All its years-long investment in Syria may as well come to naught. Moreover, a polarization that may arise in Syria would probably put Russia in a difficult situation in Ukraine as well. Syria cannot be dealt with in isolation. Syria is the trigger for Ukraine.
Just as Ukraine had triggered Syria, Syria may now trigger Ukraine. What allowed Russia the steps that it took in Ukraine and Syria was the fragility and weakness in the Atlantic line. But things in the Trump era will not be the same as they were during Obama's term.
On the contrary, the loose screws, as it were, will be tightened. Russia is also aware of this actually. And it is why it is worried. And as it gives in more and more to this fear, it is losing its control. As it falls deeper into a spiral of threat, it will push away Turkey.

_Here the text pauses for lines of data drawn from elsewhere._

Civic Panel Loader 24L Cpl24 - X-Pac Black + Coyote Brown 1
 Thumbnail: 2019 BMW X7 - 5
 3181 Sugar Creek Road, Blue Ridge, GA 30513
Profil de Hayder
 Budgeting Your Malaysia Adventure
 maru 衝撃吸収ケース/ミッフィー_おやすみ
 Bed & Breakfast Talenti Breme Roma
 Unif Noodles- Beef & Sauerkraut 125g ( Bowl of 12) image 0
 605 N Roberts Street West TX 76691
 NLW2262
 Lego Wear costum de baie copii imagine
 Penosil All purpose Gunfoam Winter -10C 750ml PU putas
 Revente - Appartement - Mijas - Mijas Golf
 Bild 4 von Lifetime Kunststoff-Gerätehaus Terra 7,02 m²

In fact, this attitude should not surprise anyone. According to American diplomat and political scientist Henry Kissinger, Russian diplomacy is based on fear. You can find many instances of this in the history of Russia.
During the Cold War, it treated its partners as satellites instead of allies. It increased the pressure on the communist countries that it was afraid of losing. As the pressure mounted, its fears also grew. The 1956 Hungarian Revolution and the 1968 Prague Spring were results of the same kind of mistake.
Russia has in the past tried a similar threat but ended up with bad results. For example, it tried to corner Turkey after the Second World War using the issue of Straits and making territorial demands which in turn led Turkey to develop closer ties with the U.S. In doing so, Russia triggered an early polarization during the Cold War era.
Kenneth Waltz, another American political scientist, implied that state heads were free to do stupid things but could not possibly do them repeatedly. He added that those who repeated stupid mistakes were bound to go down in history as losers.
But in fact, different generations can repeat the same stupidity many times over. Rather than encouragement, they can opt for threats. Putin might repeat Stalin's error. He may alienate Turkey rather unnecessarily. But in that case, it may take another 50 years before it can get such an opportunity again.
If Russia has not understood what the PYD issue means to Turkey, even a cursory look at the process in which the U.S. alienated Turkey should suffice as an example. America's threats and blackmailing attempts also failed to persuade Turkey. They were counterproductive in that they pushed Turkey closer to Russia.
The PYD is such a central threat to Turkey that it can risk a lot to eliminate it. And in fact, Turkey will be determined to use the force that it has as a NATO member. The PYD has already been confined to a particular area. Turkey is thus less concerned now. It will wait to walk together with the one giving reassurance, not the one hurling threats.
Let us all wait and see how Russia will interpret this issue and what kind of choice it will make. If it acts with reason rather than fear, it should leave aside its threatening and blackmailing ways and proceed with the mutual transaction phase.
But for now, it is difficult to say that it is able to display such prudence. It seems like what it fears could come true indeed.